Just because you cut a cheque for your property tax bill annually, that doesn’t necessarily mean you’ve paid for all the civic services you might consume.
This situation was brought to light recently when a resident in Cimarron received a $1,500 invoice for services rendered by the fire department following her daughter’s car accident this summer. She thought, as we suspect many people do, that paying your property taxes means you’ll get firefighters’ assistance should you ever need it — without incurring additional costs.

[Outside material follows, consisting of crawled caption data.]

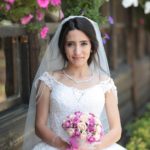 Foto Limon Avcılar Dış Çekim Düğün Fotoğrafçısı Fiyatları İstanbul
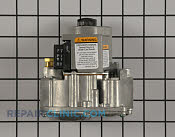 Gas Valve Assembly - Part # 2332586 Mfg Part # 41K35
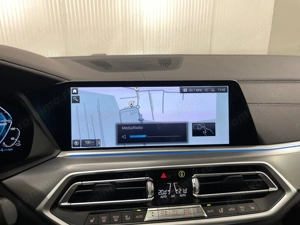 BMW X5 - imagine 17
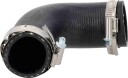 VAICO V42 0977 Ladeluftslange
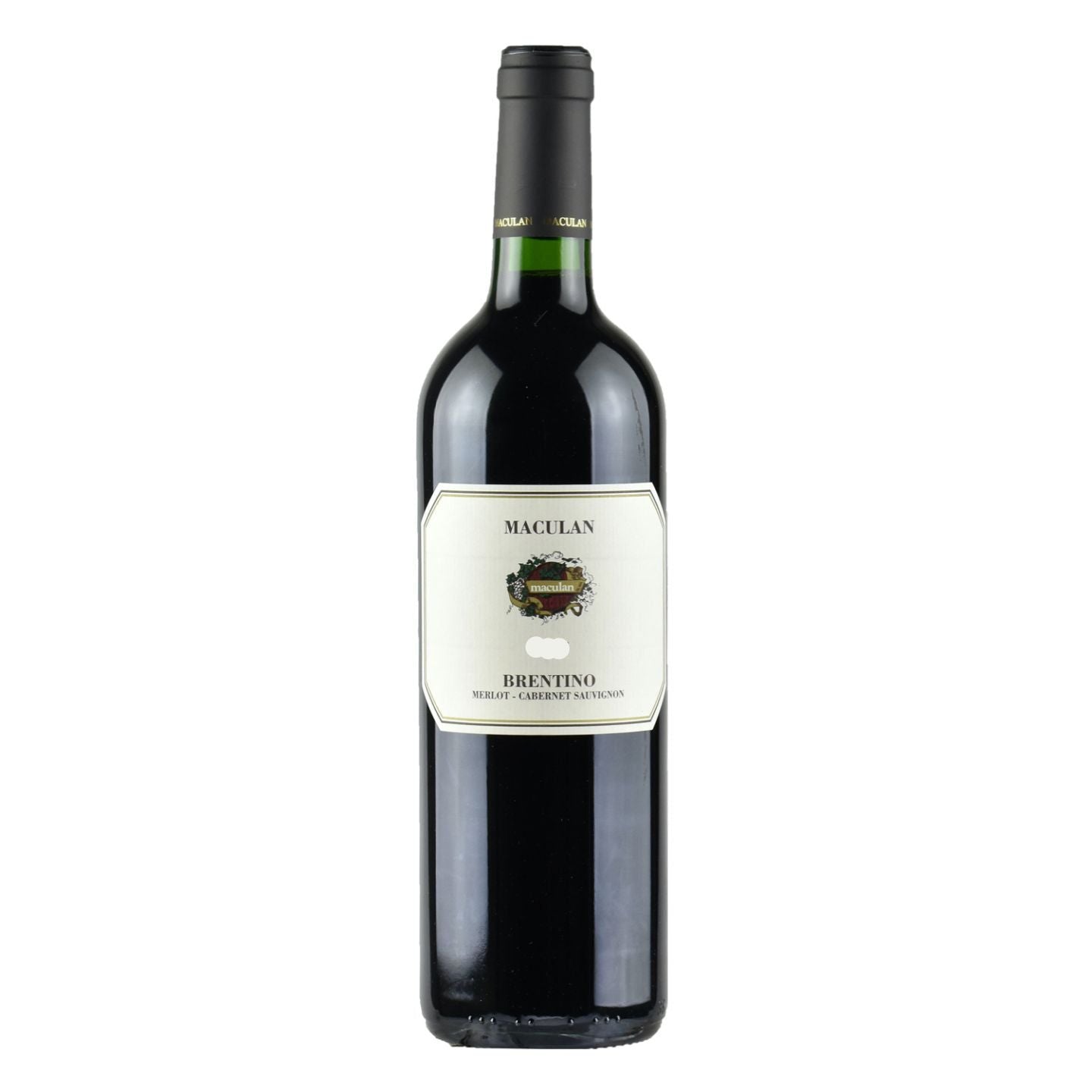 Maculan Brentino Merlot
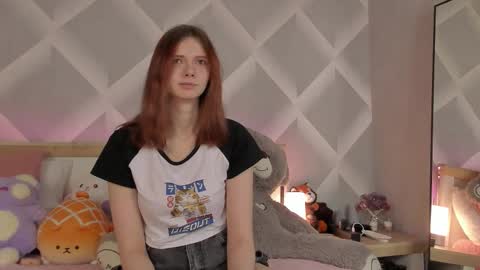 hey_honey_bunny online show from November 2025 07:30:02 AM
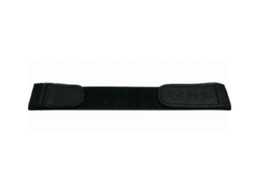 Sokkia SHC-336 Hand Strap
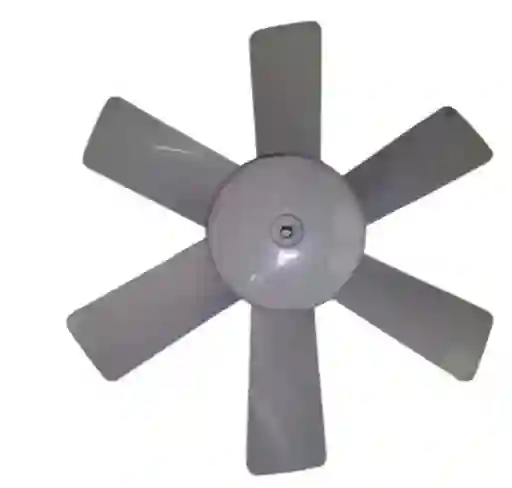 Extractor O Aspa De Aire Siemens 16 Pulgadas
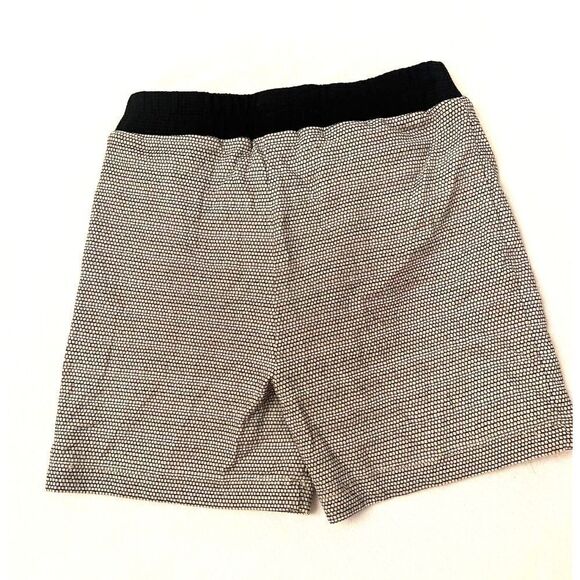 Marysia Bumby Kids Swim Shorts Sz. 8 - Picture 3 of 3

Given the Town’s own website itemizes how your tax dollars are spent, including to cover the costs of emergency services, it would make perfect sense to think you wouldn’t have to pay any more should that time ever come.
That's not the case.
The scenario in which you’re on the hook for fire department services after a car crash has been likened to that of recreation amenities: you pay property taxes to fund swimming pools and ice rinks, but if you want to use them, you’re required to pay a drop-in fee. That’s true but going for a skate or a swim is at your own discretion, whereas calling the fire department when flames are shooting from the roof of your home or because you’ve skidded into a ditch tends to be less of a choice.
Council members, who acknowledged that issuing an invoice for fire department services might not be widely known, had an opportunity to do away with the concept last week, but given the revenue implications of such a move, they opted against doing so.
These bills are often covered by insurance, so it can be a moot point in many cases, but on occasions when they’re not looked after, it adds insult to injury.
The policy could also inadvertently create a scary situation: The absolute last thing you’d want to happen is for someone not to call emergency services because they’re worried they’re going to be stuck with a big bill.